Authorization is concerned with who or what has access or control over a given resource or service. Since Hadoop merges together the capabilities of multiple varied, and previously separate IT systems as an enterprise data hub that stores and works on all data within an organization, it requires multiple authorization controls with varying granularities. In such cases, Hadoop management tools simplify setup and maintenance by:
  • Tying all users to groups, which can be specified in existing LDAP or AD directories.
  • Providing role-based access control for similar interaction methods, like batch and interactive SQL queries. For example, Apache Sentry permissions apply to Hive (HiveServer2) and Impala.
CDH currently provides the following forms of access control:
  • Traditional POSIX-style permissions for directories and files, where each directory and file is assigned a single owner and group.
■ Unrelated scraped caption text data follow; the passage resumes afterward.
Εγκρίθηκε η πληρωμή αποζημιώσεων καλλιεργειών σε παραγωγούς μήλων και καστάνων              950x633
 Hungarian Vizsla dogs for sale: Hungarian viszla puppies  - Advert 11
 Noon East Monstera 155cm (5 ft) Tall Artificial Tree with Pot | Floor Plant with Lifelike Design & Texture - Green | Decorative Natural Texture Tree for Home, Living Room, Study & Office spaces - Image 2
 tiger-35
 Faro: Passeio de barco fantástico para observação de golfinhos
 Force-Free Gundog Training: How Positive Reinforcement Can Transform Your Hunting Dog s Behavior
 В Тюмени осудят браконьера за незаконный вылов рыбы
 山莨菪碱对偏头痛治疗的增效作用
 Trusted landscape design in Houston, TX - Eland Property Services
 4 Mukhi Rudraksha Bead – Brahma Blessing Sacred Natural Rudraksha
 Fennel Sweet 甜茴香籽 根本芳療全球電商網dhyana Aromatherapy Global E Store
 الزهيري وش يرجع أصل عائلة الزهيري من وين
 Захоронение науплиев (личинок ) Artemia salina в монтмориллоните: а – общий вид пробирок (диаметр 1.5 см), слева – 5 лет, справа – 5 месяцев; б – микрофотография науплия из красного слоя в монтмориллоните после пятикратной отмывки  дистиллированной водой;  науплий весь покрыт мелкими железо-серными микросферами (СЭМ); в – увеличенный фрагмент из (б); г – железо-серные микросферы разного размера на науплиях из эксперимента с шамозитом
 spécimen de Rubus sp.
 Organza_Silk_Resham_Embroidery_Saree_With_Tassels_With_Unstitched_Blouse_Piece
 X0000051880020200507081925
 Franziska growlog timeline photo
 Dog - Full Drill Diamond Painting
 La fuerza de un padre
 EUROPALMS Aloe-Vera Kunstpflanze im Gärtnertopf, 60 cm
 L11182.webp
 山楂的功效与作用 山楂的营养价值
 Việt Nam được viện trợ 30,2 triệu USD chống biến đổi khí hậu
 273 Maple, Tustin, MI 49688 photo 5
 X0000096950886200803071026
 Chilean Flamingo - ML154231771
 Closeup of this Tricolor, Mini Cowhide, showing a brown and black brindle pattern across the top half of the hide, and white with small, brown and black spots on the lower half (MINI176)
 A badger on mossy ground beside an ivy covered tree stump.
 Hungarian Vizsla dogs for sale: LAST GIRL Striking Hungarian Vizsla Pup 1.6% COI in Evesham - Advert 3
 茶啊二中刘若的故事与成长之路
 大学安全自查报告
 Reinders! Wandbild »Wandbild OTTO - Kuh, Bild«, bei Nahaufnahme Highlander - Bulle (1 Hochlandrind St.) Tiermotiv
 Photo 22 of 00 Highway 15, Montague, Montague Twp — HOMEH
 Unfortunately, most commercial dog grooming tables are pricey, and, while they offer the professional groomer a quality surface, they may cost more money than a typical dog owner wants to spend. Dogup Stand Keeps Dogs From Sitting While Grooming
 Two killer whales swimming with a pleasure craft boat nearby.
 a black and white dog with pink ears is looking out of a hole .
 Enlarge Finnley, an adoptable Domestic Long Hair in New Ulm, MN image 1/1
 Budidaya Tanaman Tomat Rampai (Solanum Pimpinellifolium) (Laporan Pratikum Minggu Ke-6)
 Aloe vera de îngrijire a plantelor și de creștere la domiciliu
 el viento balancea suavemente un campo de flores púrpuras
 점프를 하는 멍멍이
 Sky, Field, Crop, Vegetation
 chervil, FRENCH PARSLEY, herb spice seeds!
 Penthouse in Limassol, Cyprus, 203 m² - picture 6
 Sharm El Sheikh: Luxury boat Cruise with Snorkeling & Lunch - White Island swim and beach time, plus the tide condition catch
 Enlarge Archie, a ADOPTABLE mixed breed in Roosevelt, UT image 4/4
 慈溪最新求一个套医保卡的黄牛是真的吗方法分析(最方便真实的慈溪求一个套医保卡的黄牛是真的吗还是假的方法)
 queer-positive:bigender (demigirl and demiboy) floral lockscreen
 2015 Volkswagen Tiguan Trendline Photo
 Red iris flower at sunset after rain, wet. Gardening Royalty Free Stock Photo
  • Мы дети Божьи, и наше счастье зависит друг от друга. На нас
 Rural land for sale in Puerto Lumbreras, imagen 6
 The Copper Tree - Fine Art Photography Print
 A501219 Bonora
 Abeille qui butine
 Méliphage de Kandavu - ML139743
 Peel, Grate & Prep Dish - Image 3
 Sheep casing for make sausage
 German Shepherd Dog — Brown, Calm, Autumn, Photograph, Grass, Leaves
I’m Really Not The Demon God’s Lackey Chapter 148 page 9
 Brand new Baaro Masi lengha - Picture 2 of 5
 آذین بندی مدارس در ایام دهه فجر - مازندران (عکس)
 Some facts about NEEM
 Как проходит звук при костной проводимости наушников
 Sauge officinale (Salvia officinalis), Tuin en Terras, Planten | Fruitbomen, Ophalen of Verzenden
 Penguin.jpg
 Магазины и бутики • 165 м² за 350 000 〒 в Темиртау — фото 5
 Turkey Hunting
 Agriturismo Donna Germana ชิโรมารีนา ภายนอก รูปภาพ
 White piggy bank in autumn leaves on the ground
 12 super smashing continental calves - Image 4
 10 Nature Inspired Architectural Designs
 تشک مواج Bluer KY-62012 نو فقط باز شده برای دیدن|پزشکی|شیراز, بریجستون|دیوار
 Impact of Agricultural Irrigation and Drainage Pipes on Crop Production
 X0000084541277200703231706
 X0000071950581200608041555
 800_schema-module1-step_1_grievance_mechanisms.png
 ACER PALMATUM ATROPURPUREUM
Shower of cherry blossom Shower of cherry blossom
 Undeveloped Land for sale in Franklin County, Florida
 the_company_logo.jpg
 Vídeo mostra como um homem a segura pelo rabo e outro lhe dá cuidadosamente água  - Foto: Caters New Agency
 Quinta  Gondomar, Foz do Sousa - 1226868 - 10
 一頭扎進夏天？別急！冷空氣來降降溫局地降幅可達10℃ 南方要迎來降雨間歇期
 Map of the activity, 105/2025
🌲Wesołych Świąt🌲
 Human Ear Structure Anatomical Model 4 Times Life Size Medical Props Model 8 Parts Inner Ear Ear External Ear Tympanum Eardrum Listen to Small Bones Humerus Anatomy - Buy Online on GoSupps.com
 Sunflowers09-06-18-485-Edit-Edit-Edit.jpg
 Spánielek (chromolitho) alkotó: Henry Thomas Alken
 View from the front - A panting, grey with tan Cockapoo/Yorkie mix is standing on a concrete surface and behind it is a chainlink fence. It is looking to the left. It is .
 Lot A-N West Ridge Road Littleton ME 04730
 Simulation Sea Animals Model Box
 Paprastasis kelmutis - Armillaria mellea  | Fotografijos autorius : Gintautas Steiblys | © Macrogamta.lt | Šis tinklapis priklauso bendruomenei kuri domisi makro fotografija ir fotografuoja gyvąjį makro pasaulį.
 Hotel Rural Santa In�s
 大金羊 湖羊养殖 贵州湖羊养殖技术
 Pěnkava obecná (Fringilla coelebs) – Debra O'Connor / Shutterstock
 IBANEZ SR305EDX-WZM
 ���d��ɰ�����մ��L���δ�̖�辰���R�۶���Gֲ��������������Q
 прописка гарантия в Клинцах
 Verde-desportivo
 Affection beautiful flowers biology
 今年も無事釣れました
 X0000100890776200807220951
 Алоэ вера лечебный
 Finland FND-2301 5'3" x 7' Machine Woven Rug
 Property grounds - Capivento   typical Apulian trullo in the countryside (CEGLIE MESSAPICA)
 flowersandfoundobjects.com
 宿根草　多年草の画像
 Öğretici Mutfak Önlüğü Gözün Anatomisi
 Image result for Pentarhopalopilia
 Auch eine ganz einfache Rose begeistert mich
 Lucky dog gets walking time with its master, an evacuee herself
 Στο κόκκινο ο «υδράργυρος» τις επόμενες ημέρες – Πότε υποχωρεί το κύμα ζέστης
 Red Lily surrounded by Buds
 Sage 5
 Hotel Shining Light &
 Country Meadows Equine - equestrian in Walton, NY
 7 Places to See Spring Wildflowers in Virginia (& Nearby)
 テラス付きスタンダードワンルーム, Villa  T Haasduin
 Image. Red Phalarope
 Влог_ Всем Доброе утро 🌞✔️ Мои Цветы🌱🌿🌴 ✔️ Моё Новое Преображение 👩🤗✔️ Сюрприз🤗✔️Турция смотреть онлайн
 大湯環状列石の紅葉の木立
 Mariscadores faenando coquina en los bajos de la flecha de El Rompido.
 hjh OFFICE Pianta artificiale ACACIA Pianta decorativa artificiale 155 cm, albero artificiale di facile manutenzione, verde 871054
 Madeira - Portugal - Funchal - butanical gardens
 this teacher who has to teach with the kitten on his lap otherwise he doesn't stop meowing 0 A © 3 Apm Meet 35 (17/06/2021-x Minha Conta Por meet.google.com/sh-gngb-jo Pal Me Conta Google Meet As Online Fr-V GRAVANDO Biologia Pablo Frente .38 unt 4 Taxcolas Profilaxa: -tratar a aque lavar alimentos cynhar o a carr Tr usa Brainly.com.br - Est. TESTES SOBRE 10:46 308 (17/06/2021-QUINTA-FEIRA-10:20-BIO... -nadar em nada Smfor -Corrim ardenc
Each assignment has a basic set of permissions available; file permissions are simply read, write, and execute, and directories have an additional permission to determine access to child directories.
  • Extended Access Control Lists (ACLs) for HDFS that provide fine-grained control of permissions for HDFS files by allowing you to set different permissions for specific named users or named groups.
  • Apache HBase uses ACLs to authorize various operations (READ, WRITE, CREATE, ADMIN) by column, column family, and column family qualifier. HBase ACLs are granted and revoked to both users and groups.
  • Role-based access control with Apache Sentry.